Updated

Rioters attacked government and ruling party buildings as security forces killed one demonstrator and injured four other protesters Wednesday in the forth day of rioting that has engulfed the country's south.

The death was the first in the four-day violence, spurred by unemployed youths and retired officers angered at unfulfilled promises of jobs in the military. Earlier, 15 other protesters were hurt in the riots.

The military has deployed tanks and armored vehicles since Tuesday to several southern cities, which are the stronghold of the opposition Yemeni Socialist party that is behind the thousands of southerner former army officers, political activists, and jobless young men protesting against what they perceive as unequal treatment at the hands of northern authorities.

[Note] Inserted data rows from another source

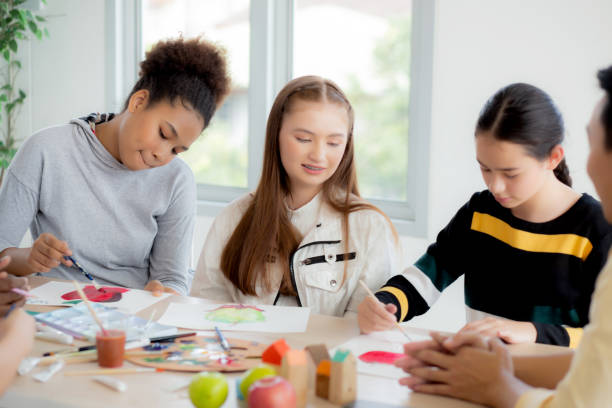Group of student sitting and studying and learning drawing with teacher together in classroom at the school, pupils creativity and development for drawing in course, back to school, education concept.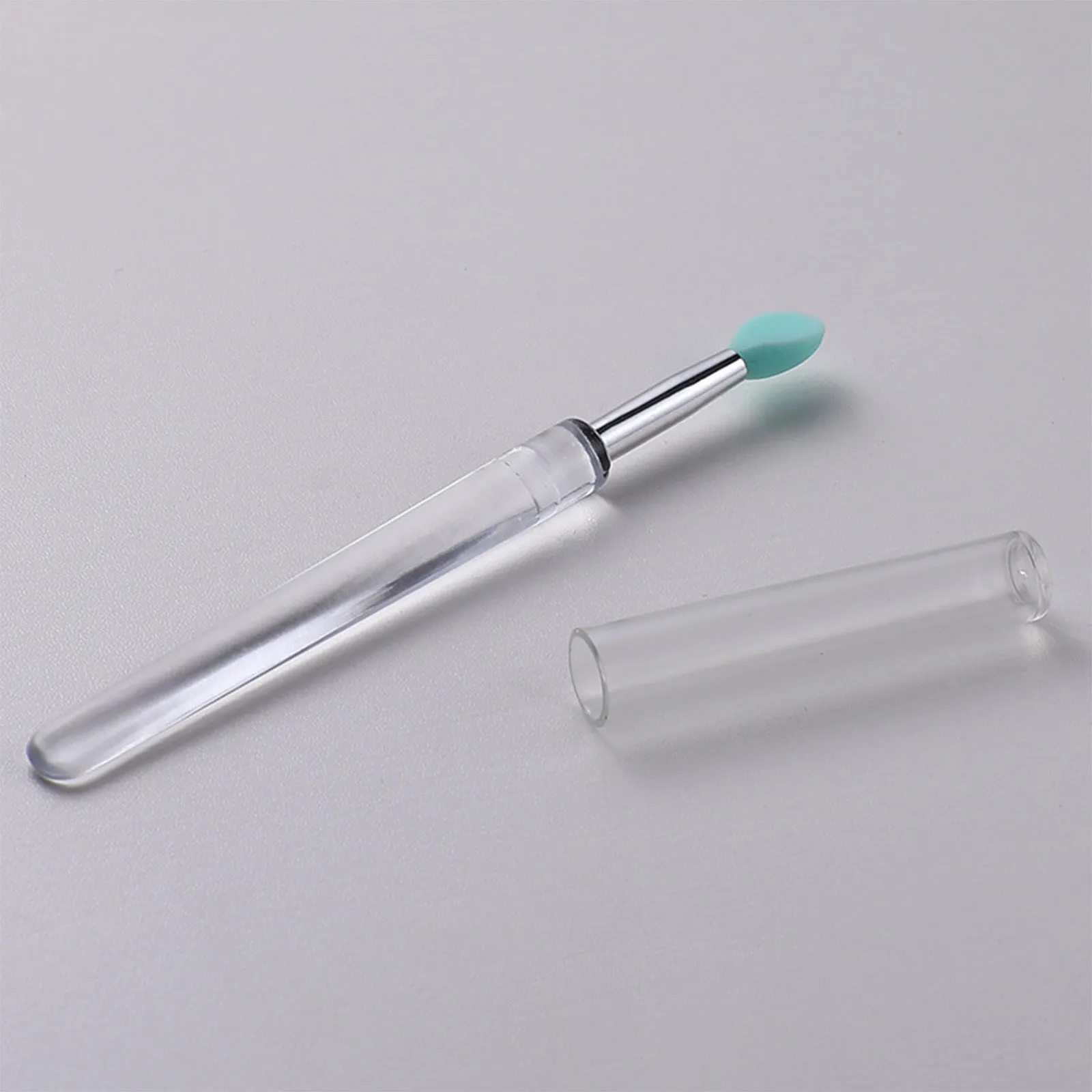 Set of four reusable silicone lip brushes with silicone caps in assorted colours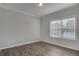 Cozy bedroom with hardwood floors and a large window with blinds at 116 Crosscut Ln, Summerville, SC 29486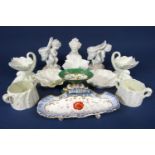 A pair of Royal Worcester sweetmeat dishes, supported by dolphins, with green printed marks to base,
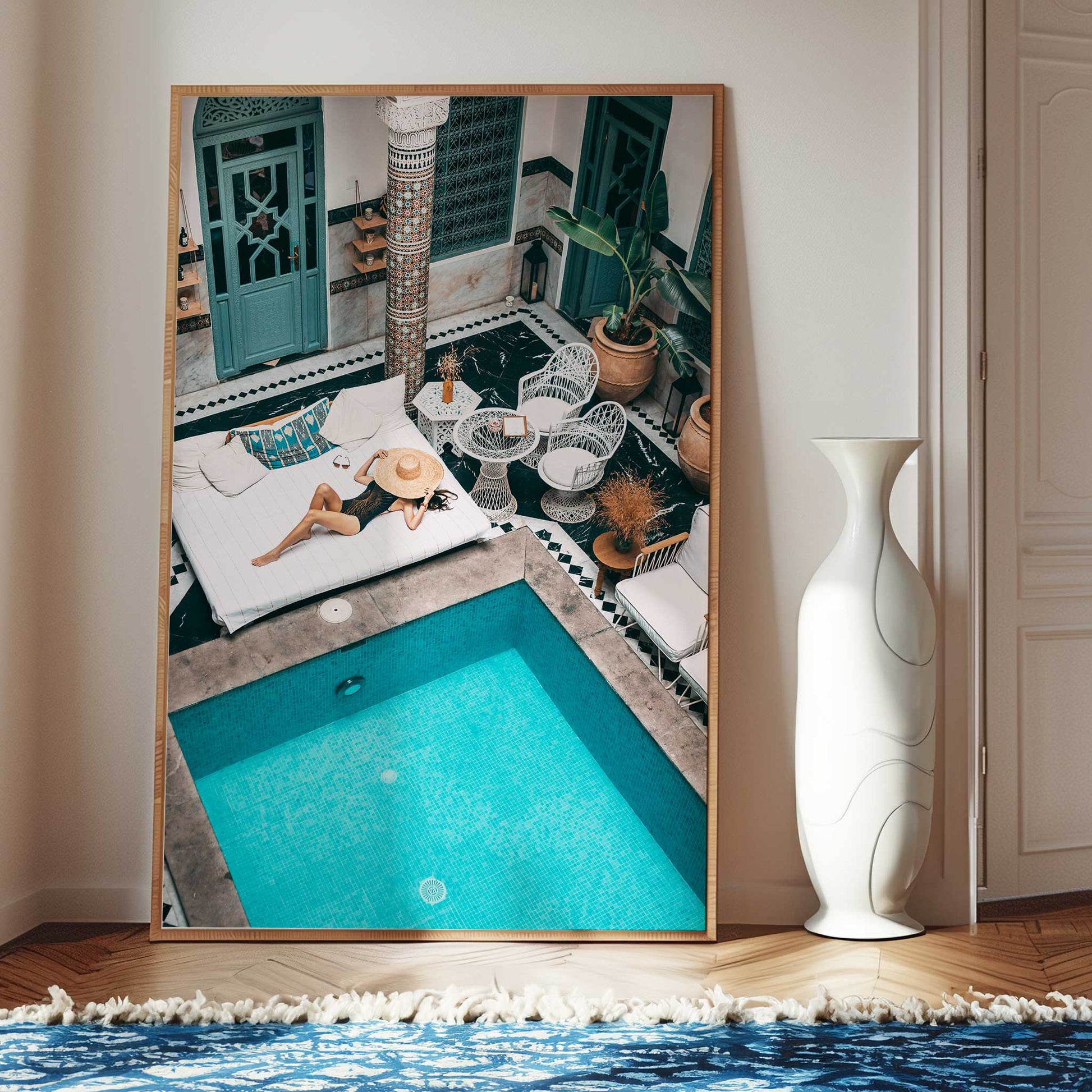 girl relaxing by pool print black frame mockup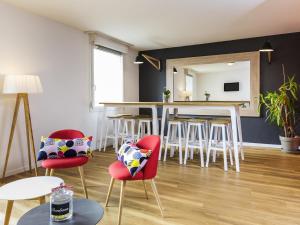 a living room with red chairs and a table at Aparthotel Adagio Access Strasbourg Illkirch in Illkirch-Graffenstaden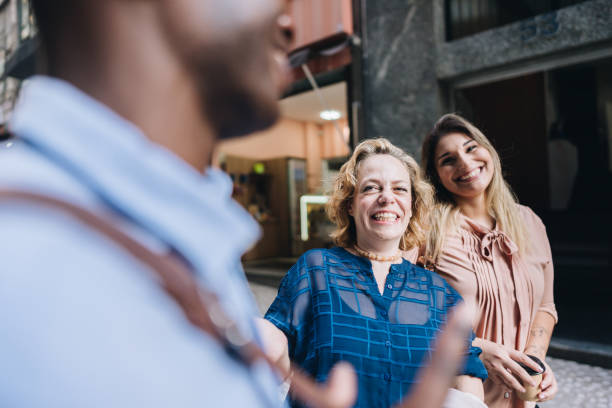 istock Coworkers talking while walking in the street 2030036456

Once divided, North and South Yemen were united in 1990 under northern President Ali Abdullah Saleh. In 1994, the south tried to secede but was defeated by the north in a civil war that lasted several months.

Troops from the southern army fled into the mountainous hinterlands and into Saudi Arabia, where they hid for years, returning only after the government issued an amnesty and promised to readmit them into the army.

Southerners have also complained that they are kept out of government jobs — a main source of employment in the south — in favor of northerners brought in to fill the bureaucracy and security forces.

On Wednesday, about 1,500 demonstrators attacked a government compound and set fire to the headquarters of the ruling National Congress Party in the city of Tora al-Baha, some 100 kilometers (60 miles) north of port city of Aden, according to eyewitnesses.

Meanwhile, in the province of Dhalae, 220 kilometers (135 miles) south of the capital San'a, some 5,000 protesters hurled stones at security forces which responded by shooting into the air and firing tear gas, a security official said. He spoke on condition of anonymity because he wasn't authorized to speak to the press.

The ruling party spokesman, Tarek al-Shami, described the riots as an "act of sabotage that targets national unity, incites hatred and sectarian tensions." Speaking to reporters in San'a, al-Shami said those behind the riots were a "minority that serves no one but its own interest."

More than 120 protesters were detained and troops sealed off main streets in southern cities. Government institutions, shops, restaurants and schools closed their doors, as people stayed at home, eyewitnesses also said.

After detentions Wednesday of their activists, opposition parties held a joint sit-in-protest in San'a, calling on the government to release those detained, end its prejudice, enlist former officers in the military and provide job opportunities to the people of the south.

Socialist Party Secretary-General Yassin Noman accused the government of cracking down on peaceful calls for reforms and democracy.

"Arrests are aimed at terrorizing activists," he said at a conference that was attended also by the Islamic opposition Islah Party.

The poorest country in the Arab world, Yemen is home to heavily armed tribes that barely acknowledge the authority of the central government as well as a persistent al-Qaida presence that has attacked and killed foreigners on several occasions.